Charles Murray has made the widening of class divisions in America since the relatively egalitarian Eisenhower-Kennedy era the theme of his current book, Coming Apart: The State of White America, 1960 – 2010. Indeed, the phenomenon has been remarked by observers as ideologically disparate as Pat Buchanan, Paul Krugman, and Benjamin Schwarz.

But why did class divisions widen? Murray says, in a throwaway line in Coming Apart, that the growing problems of the white working class don’t have much to do with race or immigration. Of course, these days, you have to say that to be accepted in polite society. Only poor white trash would think otherwise.

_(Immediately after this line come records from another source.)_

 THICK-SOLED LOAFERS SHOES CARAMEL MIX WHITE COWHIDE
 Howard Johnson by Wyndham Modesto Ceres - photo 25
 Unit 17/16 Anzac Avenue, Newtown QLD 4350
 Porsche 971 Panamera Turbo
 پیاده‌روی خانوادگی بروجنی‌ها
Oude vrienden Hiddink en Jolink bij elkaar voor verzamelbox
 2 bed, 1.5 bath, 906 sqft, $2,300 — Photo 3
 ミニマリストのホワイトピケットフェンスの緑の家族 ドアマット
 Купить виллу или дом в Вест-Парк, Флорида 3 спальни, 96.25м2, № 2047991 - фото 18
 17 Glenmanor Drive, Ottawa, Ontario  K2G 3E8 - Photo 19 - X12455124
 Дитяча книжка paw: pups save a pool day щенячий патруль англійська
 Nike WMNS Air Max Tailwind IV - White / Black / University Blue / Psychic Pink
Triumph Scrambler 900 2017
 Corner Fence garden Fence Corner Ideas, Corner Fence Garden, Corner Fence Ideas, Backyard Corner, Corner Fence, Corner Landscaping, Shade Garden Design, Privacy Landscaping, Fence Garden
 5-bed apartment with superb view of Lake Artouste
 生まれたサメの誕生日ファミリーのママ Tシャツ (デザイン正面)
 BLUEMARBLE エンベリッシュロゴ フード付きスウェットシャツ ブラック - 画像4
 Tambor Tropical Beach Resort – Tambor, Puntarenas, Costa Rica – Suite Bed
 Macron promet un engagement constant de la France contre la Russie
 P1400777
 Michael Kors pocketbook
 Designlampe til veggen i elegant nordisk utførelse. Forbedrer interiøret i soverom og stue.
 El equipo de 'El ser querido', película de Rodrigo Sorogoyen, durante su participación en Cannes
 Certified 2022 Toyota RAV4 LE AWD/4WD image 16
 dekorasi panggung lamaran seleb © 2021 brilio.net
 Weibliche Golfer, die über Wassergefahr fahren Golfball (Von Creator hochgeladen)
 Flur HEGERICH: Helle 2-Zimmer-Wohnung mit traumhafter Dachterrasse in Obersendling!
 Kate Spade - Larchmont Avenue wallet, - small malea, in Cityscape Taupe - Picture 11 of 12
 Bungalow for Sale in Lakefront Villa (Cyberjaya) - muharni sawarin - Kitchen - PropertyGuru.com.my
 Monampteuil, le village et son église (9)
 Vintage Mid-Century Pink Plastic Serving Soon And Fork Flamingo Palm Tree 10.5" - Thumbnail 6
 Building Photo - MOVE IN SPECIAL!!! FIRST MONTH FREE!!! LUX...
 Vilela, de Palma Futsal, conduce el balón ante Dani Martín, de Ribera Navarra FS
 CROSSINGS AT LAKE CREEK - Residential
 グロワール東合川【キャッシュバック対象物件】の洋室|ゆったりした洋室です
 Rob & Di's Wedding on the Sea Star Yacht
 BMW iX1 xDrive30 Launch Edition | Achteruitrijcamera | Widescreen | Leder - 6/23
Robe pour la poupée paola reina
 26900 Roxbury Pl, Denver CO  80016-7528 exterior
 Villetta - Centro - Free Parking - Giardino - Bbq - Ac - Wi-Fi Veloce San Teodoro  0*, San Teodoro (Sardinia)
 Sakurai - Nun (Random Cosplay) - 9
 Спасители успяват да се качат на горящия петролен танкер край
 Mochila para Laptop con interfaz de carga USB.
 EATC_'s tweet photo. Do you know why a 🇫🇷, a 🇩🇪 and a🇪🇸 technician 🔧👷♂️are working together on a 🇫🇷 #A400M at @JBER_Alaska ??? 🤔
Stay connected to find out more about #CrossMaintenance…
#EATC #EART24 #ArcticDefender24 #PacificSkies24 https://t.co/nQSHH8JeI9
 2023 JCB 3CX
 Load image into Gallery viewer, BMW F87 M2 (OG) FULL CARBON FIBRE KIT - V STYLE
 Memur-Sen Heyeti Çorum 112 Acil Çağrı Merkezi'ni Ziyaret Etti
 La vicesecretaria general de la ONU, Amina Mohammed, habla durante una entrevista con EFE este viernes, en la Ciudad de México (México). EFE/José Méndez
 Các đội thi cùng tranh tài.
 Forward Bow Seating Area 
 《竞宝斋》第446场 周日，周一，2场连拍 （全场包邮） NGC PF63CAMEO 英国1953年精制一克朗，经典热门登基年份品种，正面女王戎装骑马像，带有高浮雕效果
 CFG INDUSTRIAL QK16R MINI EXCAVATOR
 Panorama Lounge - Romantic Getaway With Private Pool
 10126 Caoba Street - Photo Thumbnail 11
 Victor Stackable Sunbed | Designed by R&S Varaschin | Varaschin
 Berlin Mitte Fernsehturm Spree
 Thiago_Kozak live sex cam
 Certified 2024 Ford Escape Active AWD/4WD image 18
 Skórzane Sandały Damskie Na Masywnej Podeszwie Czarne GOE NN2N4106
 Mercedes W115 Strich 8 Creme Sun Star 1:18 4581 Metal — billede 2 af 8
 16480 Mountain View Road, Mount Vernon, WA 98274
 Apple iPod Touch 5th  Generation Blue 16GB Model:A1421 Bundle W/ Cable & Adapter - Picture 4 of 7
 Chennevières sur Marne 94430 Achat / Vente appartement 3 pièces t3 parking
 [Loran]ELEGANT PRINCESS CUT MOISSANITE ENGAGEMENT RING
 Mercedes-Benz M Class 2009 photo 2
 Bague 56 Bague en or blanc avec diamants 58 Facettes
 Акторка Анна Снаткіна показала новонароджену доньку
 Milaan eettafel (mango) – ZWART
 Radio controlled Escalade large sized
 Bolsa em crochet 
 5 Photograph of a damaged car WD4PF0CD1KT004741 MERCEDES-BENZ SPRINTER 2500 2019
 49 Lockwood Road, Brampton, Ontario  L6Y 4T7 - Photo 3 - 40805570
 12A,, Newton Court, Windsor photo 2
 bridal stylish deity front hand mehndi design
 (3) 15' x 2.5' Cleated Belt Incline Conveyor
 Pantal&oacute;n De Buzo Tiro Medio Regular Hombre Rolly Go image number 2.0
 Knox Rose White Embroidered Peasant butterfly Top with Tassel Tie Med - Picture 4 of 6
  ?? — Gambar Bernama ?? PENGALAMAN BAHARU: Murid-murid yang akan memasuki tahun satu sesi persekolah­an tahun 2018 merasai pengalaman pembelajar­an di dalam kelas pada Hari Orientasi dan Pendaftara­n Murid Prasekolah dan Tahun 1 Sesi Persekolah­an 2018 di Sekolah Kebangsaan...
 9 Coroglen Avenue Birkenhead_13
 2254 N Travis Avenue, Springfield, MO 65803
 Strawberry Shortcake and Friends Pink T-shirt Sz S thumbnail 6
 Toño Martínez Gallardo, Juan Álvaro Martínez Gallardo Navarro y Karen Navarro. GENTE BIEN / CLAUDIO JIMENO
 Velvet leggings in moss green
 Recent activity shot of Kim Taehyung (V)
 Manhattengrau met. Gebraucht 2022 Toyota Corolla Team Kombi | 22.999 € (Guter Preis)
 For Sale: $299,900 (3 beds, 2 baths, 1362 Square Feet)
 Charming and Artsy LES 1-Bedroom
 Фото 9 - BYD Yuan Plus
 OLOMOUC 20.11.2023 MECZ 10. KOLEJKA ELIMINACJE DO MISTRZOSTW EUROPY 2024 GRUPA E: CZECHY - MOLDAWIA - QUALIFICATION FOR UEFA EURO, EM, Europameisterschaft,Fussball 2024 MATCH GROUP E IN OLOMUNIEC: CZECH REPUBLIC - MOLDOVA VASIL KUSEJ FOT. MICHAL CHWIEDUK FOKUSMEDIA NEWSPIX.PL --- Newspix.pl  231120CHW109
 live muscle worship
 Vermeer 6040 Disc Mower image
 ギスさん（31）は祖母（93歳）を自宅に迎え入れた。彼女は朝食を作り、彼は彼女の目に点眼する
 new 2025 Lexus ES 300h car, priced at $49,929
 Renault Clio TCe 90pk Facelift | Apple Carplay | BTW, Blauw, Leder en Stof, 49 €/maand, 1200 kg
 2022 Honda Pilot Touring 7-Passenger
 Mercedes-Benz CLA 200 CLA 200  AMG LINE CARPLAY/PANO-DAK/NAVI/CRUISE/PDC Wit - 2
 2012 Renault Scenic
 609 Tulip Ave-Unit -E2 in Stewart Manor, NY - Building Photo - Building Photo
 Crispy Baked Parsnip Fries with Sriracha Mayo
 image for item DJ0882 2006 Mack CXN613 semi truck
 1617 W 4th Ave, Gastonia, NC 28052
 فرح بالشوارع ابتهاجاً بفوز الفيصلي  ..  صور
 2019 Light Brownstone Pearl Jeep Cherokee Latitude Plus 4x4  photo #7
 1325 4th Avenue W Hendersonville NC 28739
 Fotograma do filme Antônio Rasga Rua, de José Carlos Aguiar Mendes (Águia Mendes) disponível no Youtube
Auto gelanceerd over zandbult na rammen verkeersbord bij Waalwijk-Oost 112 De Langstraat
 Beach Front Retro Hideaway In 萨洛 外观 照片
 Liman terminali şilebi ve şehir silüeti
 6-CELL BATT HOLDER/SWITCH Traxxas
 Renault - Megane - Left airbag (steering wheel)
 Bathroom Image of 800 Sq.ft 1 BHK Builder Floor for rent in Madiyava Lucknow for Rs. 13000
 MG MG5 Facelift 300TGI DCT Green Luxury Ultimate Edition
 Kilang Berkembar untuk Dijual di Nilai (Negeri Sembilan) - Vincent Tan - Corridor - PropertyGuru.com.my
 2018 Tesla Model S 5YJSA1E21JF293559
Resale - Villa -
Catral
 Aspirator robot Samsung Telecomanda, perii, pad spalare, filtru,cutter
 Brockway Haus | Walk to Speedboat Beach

In fact, it’s obvious that class, race, and immigration are indeed intimately intertwined in complicated ways. But we are less and less equipped to understand them—as class taboos harden over what refined folk are supposed to notice about race and immigration.

In my next article, I will review some of the substantive ways that immigration impacts the white working class.

But for now let’s consider the evolution of ideological norms in the upper reaches of American society that has largely taken this question off the table. Among the intelligentsia, why has not thinking intelligently about immigration become a mark of gentility?

The most obvious explanation: class-based economic self-interest. People higher up the social pyramid compete less with immigrants, especially illegal immigrants, and employ them more.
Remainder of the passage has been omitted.